Supreme Court of the State of New York, Bronx County
Sep 17, 2010
2010 N.Y. Slip Op. 32641 (N.Y. Sup. Ct. 2010)

Opinion

8116/2004.

September 17, 2010.


Plaintiffs move to vacate Medicaid's Lien against the proceeds from this personal injury lawsuit, and for related relief.

This is an action sounding in medical malpractice, involving allegations of obstetrical negligence during the birth of the infant Plaintiff, JOEL CHAMORRO, "resulting in neurological damage, intraventricular hemorrhage with mental retardation, static encephalopathy, right brachial plexus palsy, etc."

(See Affirmation by Plaintiffs' Attorney Miklos, dated June 8, 2010, p. 4).

This case was settled in the amount of five million ($5,000,000.00) dollars, pursuant to terms set forth by Counsel for the parties on the record in open Court on March 29, 2010.

(See Court Transcript, dated March 29, 2010, annexed to Plaintiffs' Motion, Exhibit "F").

The Medicaid Lien is alleged to be in the amount of $51,901.

(See Letter, dated April 17, 2010, by New York City Human Resources Administration, Department of Social Services, Division of Liens and Recovery, [NYC DSS] annexed to Plaintiffs' Motion, Exhibit "G").

In relevant part, Counsel acknowledged the existence of the said Medicaid Lien, and that they were settling this case with the understanding "that [defendants] have no further responsibility for the" Medicaid Lien; that it was "Plaintiffs' responsibility, ultimately, to settle this Lien issue"; and that the "Medicaid Lien is anticipated to come out of the infant's share."

(See Court Transcript, dated March 29, 2010, p. 2-3).

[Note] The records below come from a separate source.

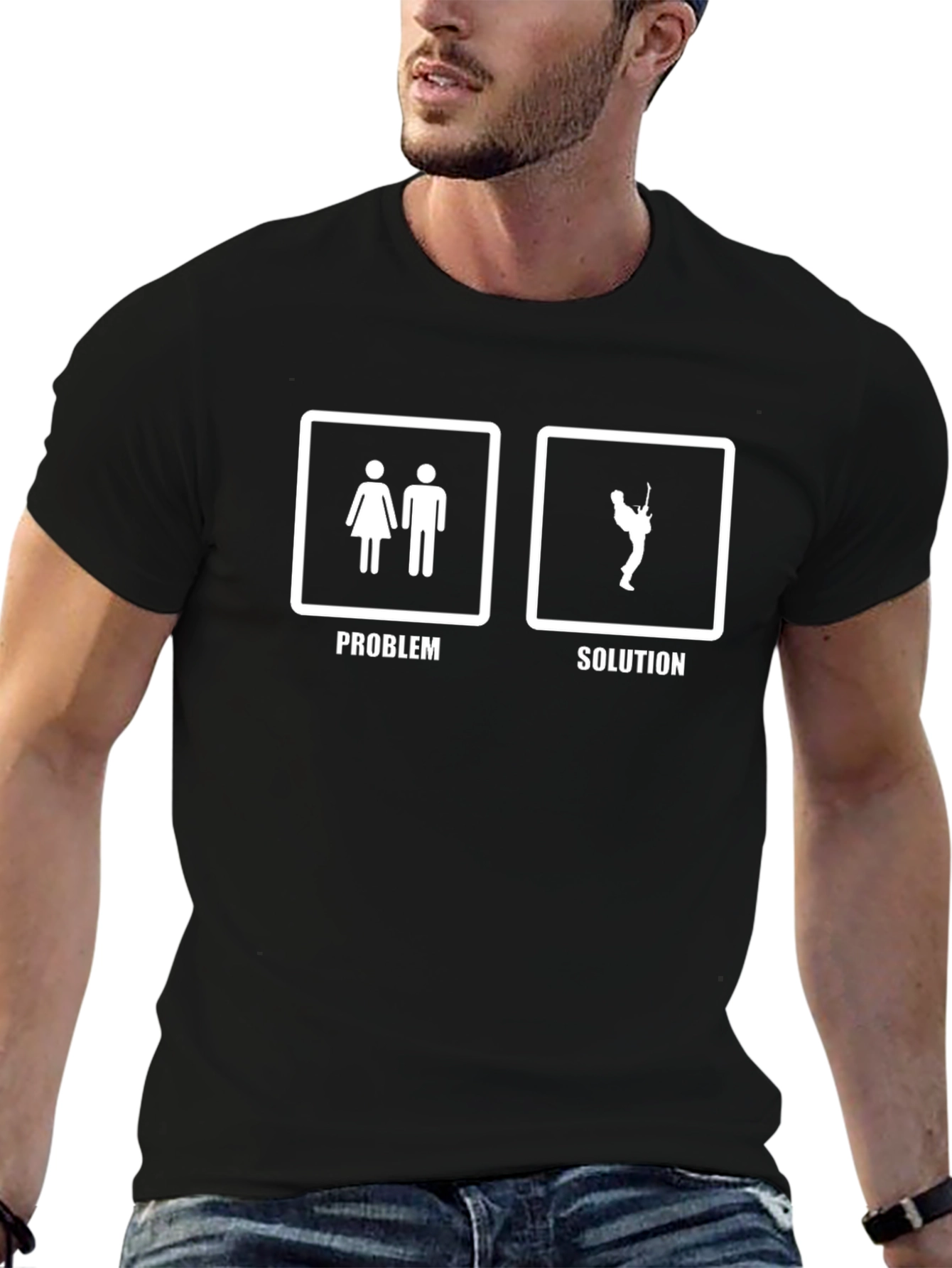 Problem Solution Guitar T-Shirt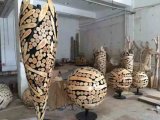 Hand Carved Wood Art Sculpture for Space Decoration
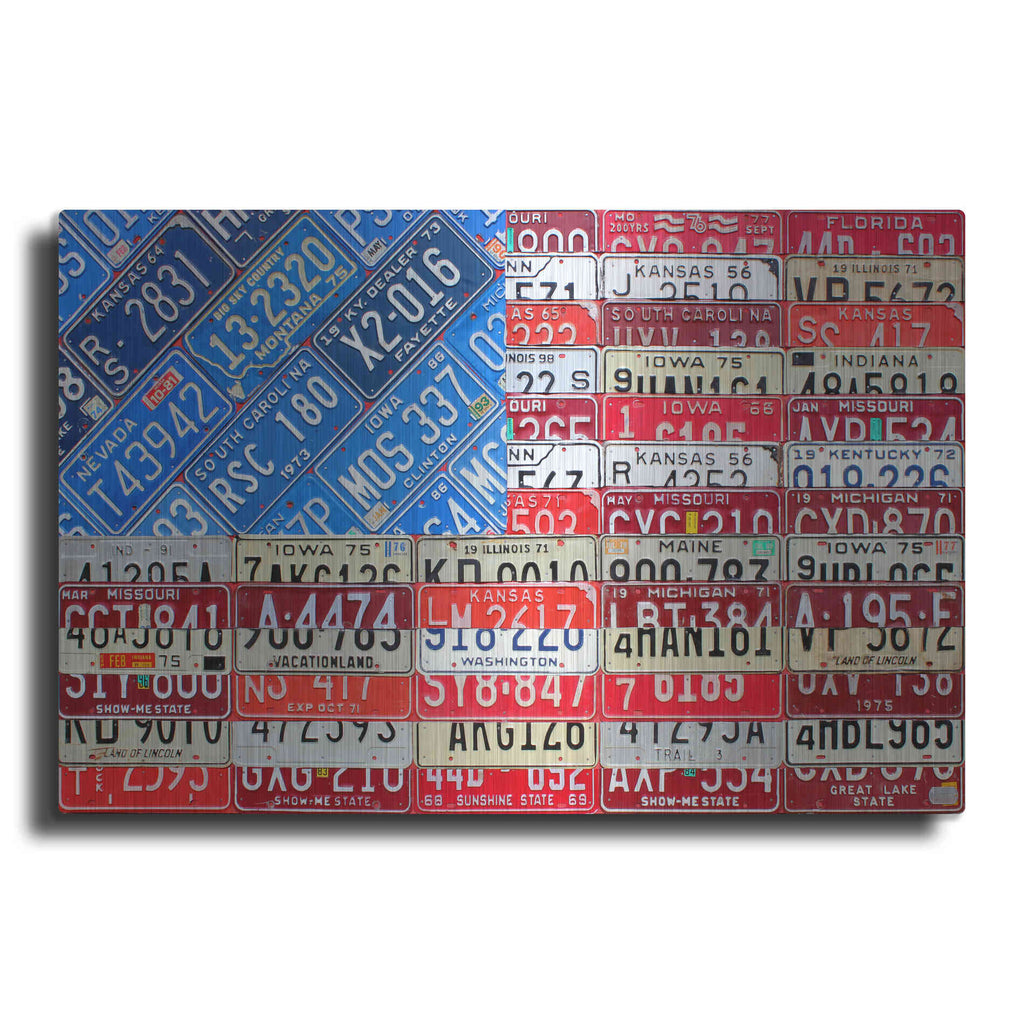 Luxe Metal Art 'USA Flag' by Design Turnpike, Metal Wall Art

Also, Plaintiffs agreed to "hold the defendants, defendant law firm, and the defendant insurers harmless."

(See Court Transcript, dated March 29, 2010, p. 4).

The Infant's Compromise Order provides that "the sum of $52,005.84 . . . be held in escrow pending resolution of the liens asserted by the New York City Department of Social Service, Medicaid Lien". (See Infant's Compromise Order, signed by Justice Silver, on July 16, 2010, p. 2).

There is no explanation for the discrepancy between the $51,901 and the $52,005.84 amount.

In a landmark case, the United Stated Supreme Court held that a Medicaid lien "encumbers [settlement] proceeds designated as payments for medical care." However, a Medicaid lien cannot be satisfied "out of proceeds meant to compensate the recipient for damages distinct from medical costs-like pain and suffering, lost wages, and loss of future earnings."Ark. HHS v. Ahlborn, 547 U.S. 268, 272 (2006).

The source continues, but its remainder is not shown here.